• Task to carry out
Starting with the line that contains "Costume femme élégant", repeat exactly every line through the last one in the records below, and leave out the pictures.

Image-caption web data
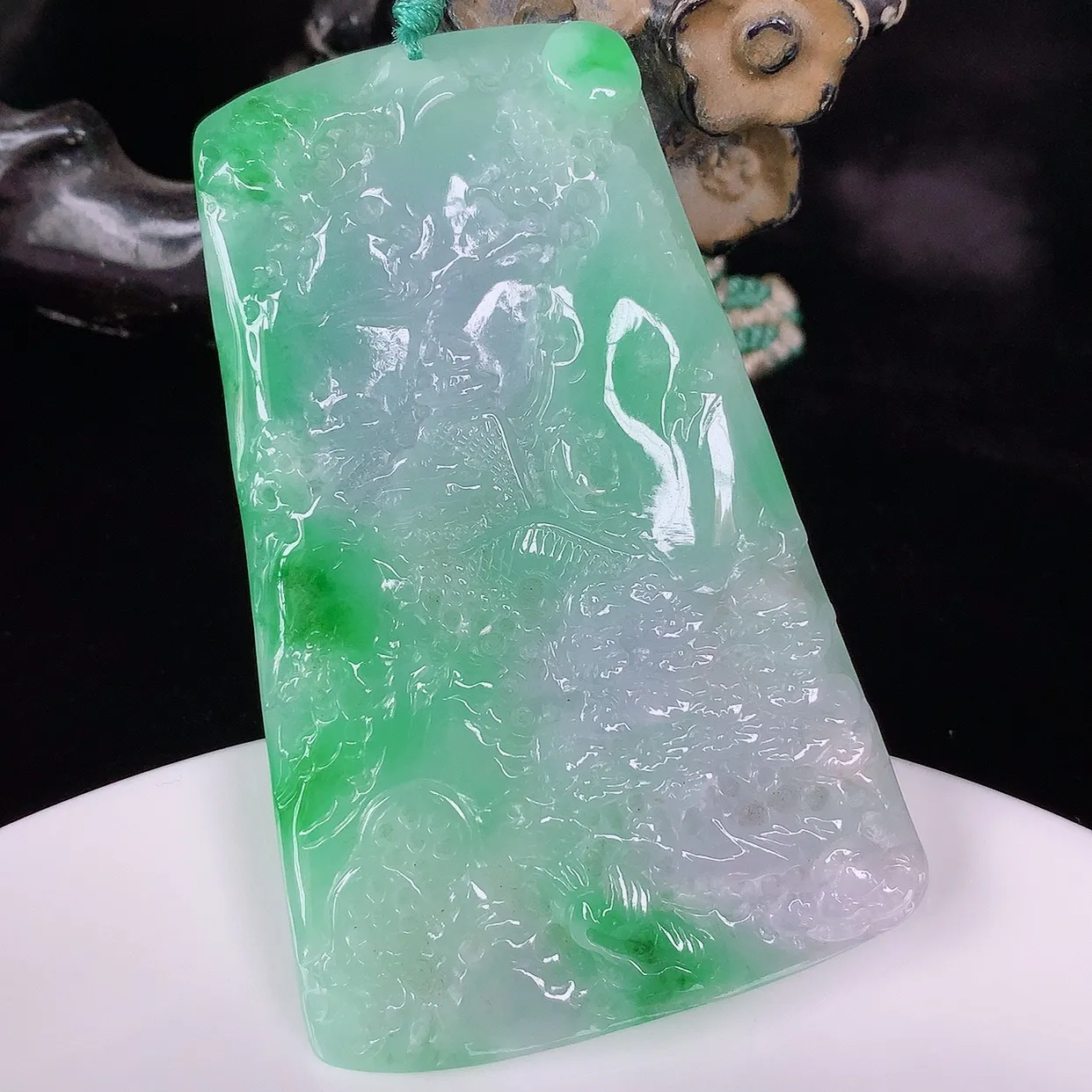 自然光实拍，冰润冰糯种春彩翡翠山水牌吊坠，翡翠山水，立体生动形象，山水素材布局合理，意境感佳，佩戴上身效果更高贵 #57.12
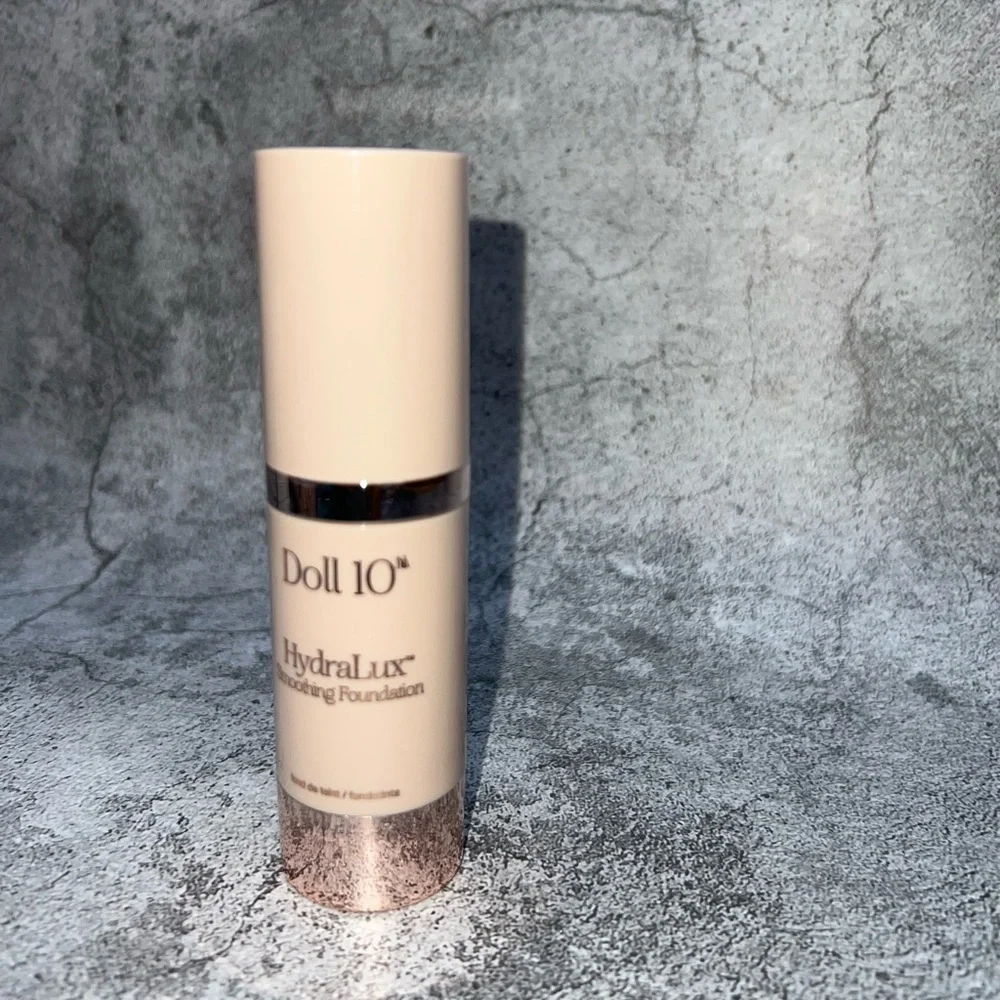 DOLL‎ 10 HYDRALUX FULL COVERAGE SMOOTHING  FOUNDATION BRAND NEW NEVER USED DEEP
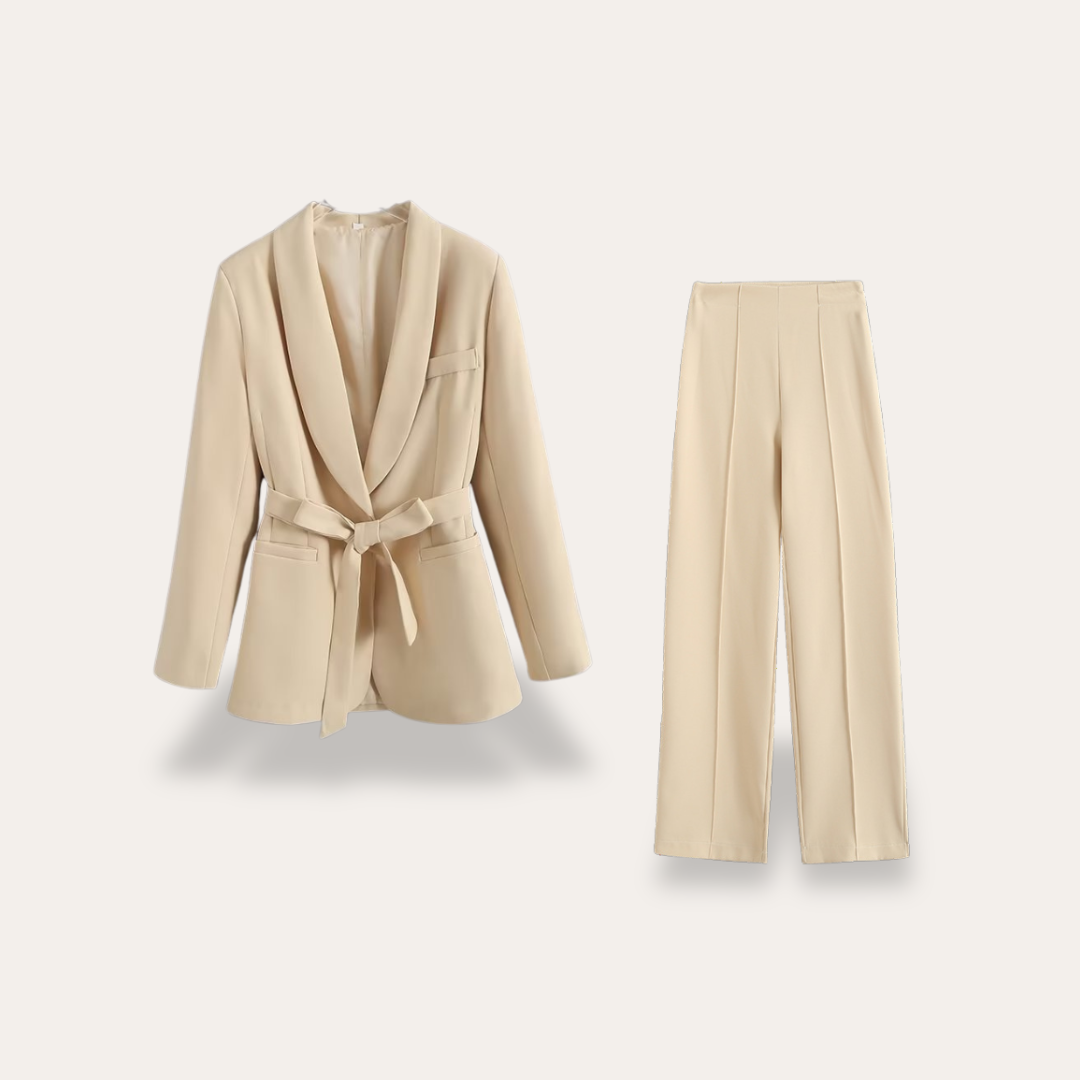 Costume femme élégant avec jupe largement ouverte et ceinture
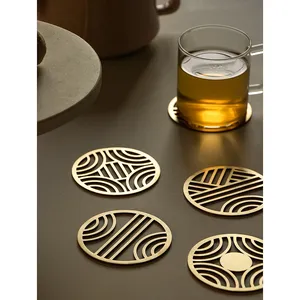 Posavasos de metal personalizado hecho a mano de diseño elegante para la decoración de la Mesa del hogar y la boda en precio al por mayor - Product Image 1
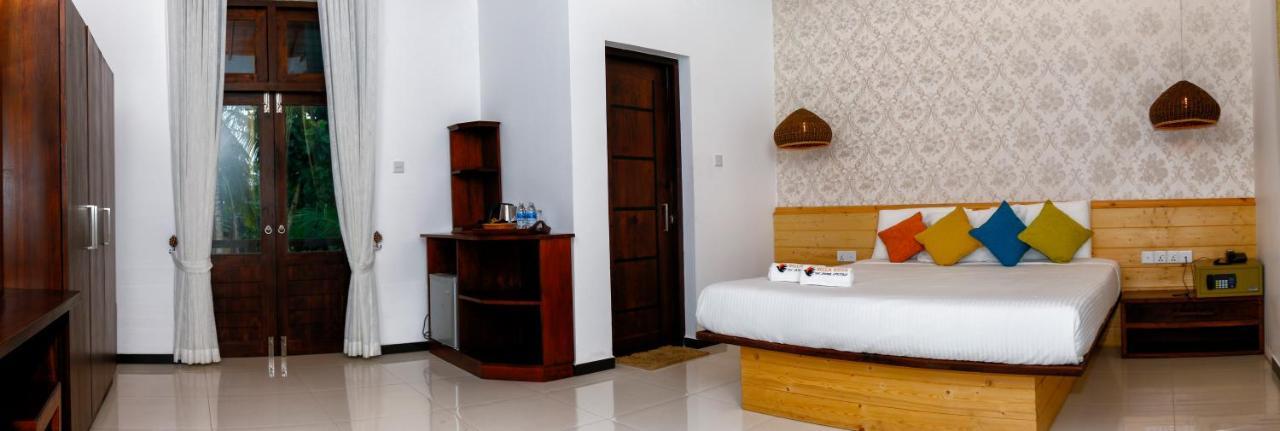 Hotel Bella Vista Anuradhapura Exterior photo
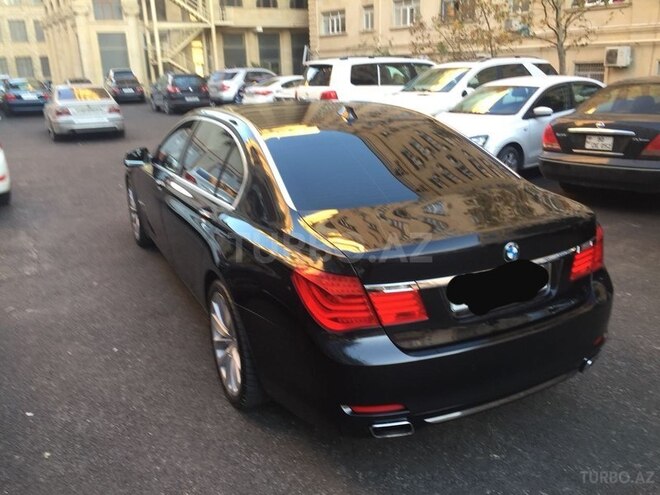 BMW 750 2010, 88,000 km - 4.4 l - Bakı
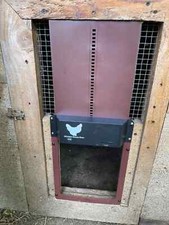 Apriporta Automatico Pollaio | Sensore di Luce, Alimentato a Batteria, Impermeabile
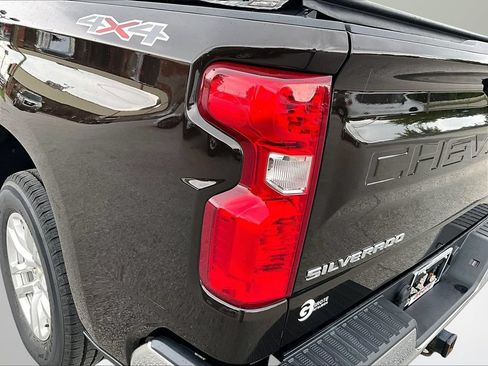 Used 2019 Chevrolet Silverado 1500 LT w/ All-Star Edition AWD/4WD image 32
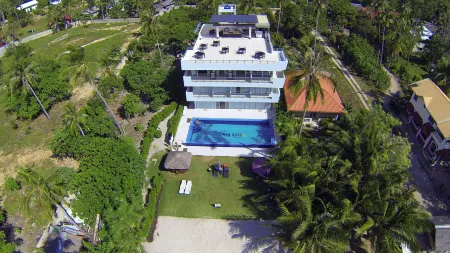 Bohol South Beach Hotel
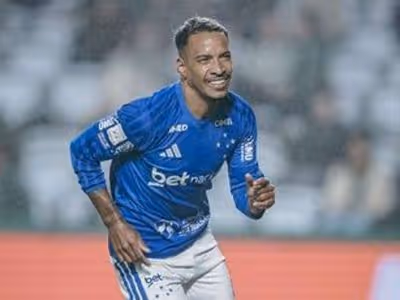 Cruzeiro derrota Coritiba em confronto direto pelo Brasileirão
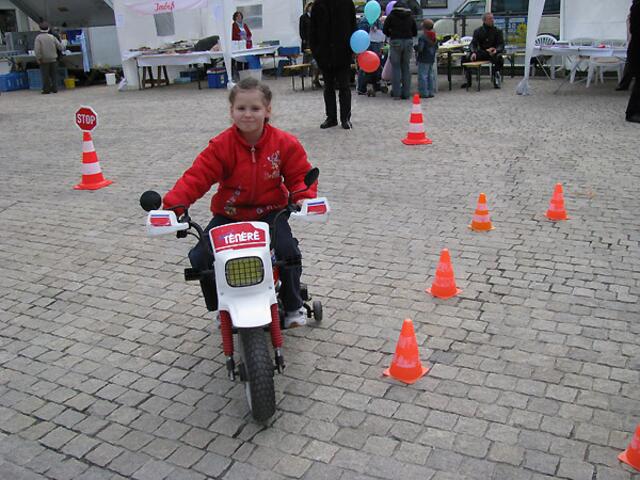 Mit dem Motorrad noch etwas wacklig.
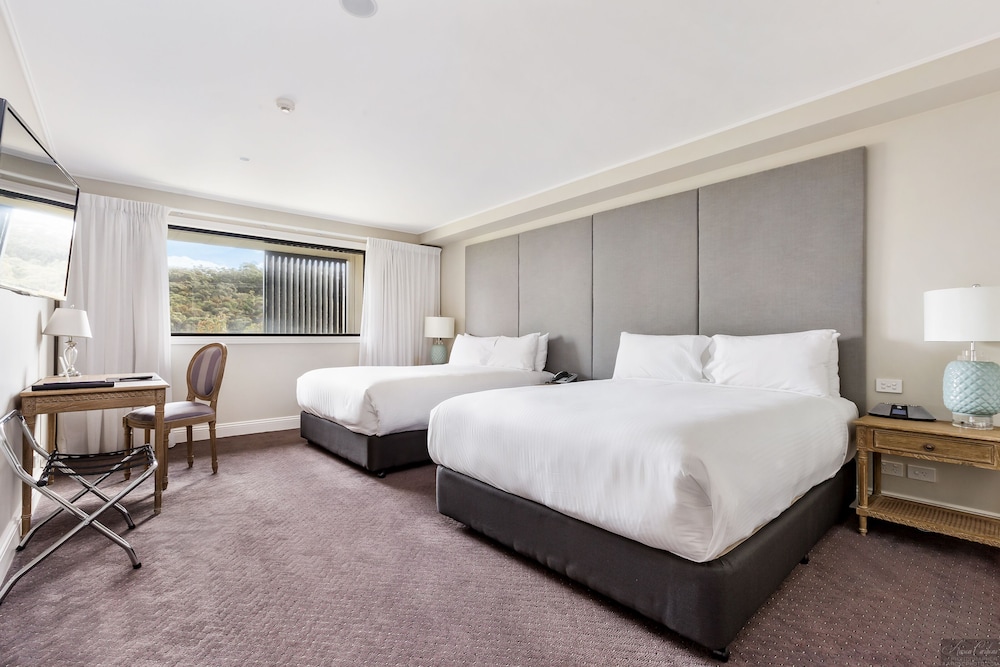 DELUXE, TWIN BEDS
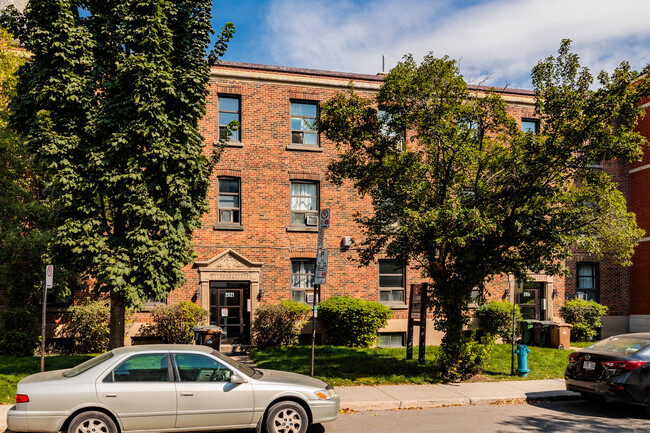 2015 Northcliffe Av in Montréal, QC - Building Photo - Building Photo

• Exercise output
 Costume femme élégant avec jupe largement ouverte et ceinture
 Posavasos de metal personalizado hecho a mano de diseño elegante para la decoración de la Mesa del hogar y la boda en precio al por mayor - Product Image 1
 Hotel Bella Vista Anuradhapura Exterior photo
 BMW 750 2010, 88,000 km - 4.4 l - Bakı
 Apriporta Automatico Pollaio | Sensore di Luce, Alimentato a Batteria, Impermeabile
 Used 2019 Chevrolet Silverado 1500 LT w/ All-Star Edition AWD/4WD image 32
 Bohol South Beach Hotel
 Cruzeiro derrota Coritiba em confronto direto pelo Brasileirão
 Mit dem Motorrad noch etwas wacklig.
 DELUXE, TWIN BEDS
 2015 Northcliffe Av in Montréal, QC - Building Photo - Building Photo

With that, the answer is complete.